Concern About Post Holiday Beef Demand
Kooima says there is also concern about post holiday demand and the relationship of the boxed beef to the cash market.
Choice boxes are at $391 and at the same price as last year, while the cash market is $30 higher than a year ago.
“And seasonally, the boxes go down. The choice, the middle meats, especially, we switched to more of a hot dog, hamburger type feature people go on vacation. So, we’re thinking last year we broke the boxes to like $365 you know by August another kill cut would be imminent or it may involve another plant shutdown or slow down,” he says.
Producers Losing Leverage?
Kooima says it also feels like producers are losing leverage as last week bids were harder to come by.

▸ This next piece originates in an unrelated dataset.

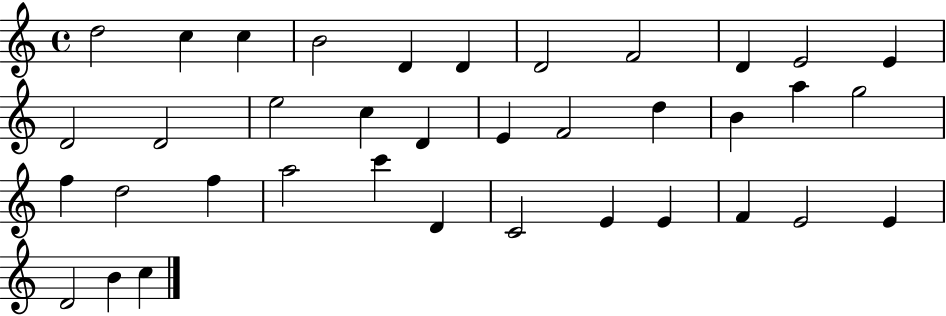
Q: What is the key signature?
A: C major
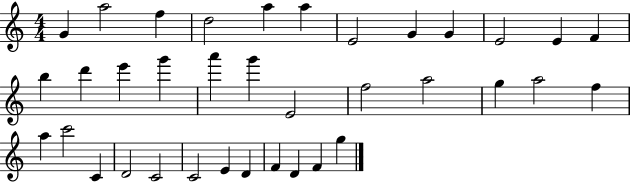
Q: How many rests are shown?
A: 0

“We did have some $262 trade at least selectively in the North late on Friday to a regional. The south was at $258. So, all of a sudden the north is at least $2 and in instances of $4 over the south curious particularly given the imbalance in the supply because of the border being closed,” he adds.
He says this is the time of year when the number of formula cattle go up 15% to 18% verses negotiated, which also takes away producer leverage.

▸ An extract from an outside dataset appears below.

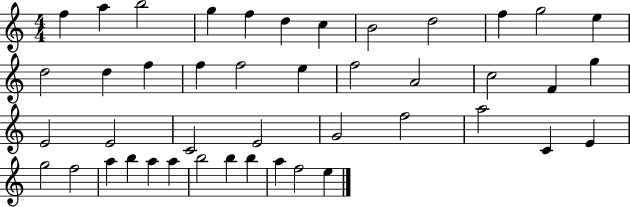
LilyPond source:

Cattle Market Looking Tired?
While feeder cattle futures were higher for the week last week, the live cattle slipped and Kooima is concerned that part of the market looks tired.
“I hope I’m dead wrong. I hope this market stays rock solid. It just feels like the market feels a little tired to me. You need good news every day to feed a bull like this one.”
The feeder market has been supported by the cash market with the index hitting a record $380.51 late last week.
Packer Bailout?
The other negative for the market is talk of meeting late last week between industry and USDA Secretary Brooke Rollins regarding a possible packer bailout.
“I think people jumped on the idea USDA may pay help pay packers for their losses for the last two years. I can’t even hardly talk about it without losing my stuff here. I can’t imagine that something like that would develop,” he says.
However, the talk on Monday morning is the program would focus on some of these small, medium. and regional packers and maybe
some producers to address or to try to talk about the problems that the packing industry has.
“I think we waited too long that we’re destroying the infrastructure in the United States. It is very obvious we’ve lost two packing plants already and we’re probably gonna lose another one. We’ve lost feedlot so they can feed them in Mexico and still sell the meat to us,” he explains.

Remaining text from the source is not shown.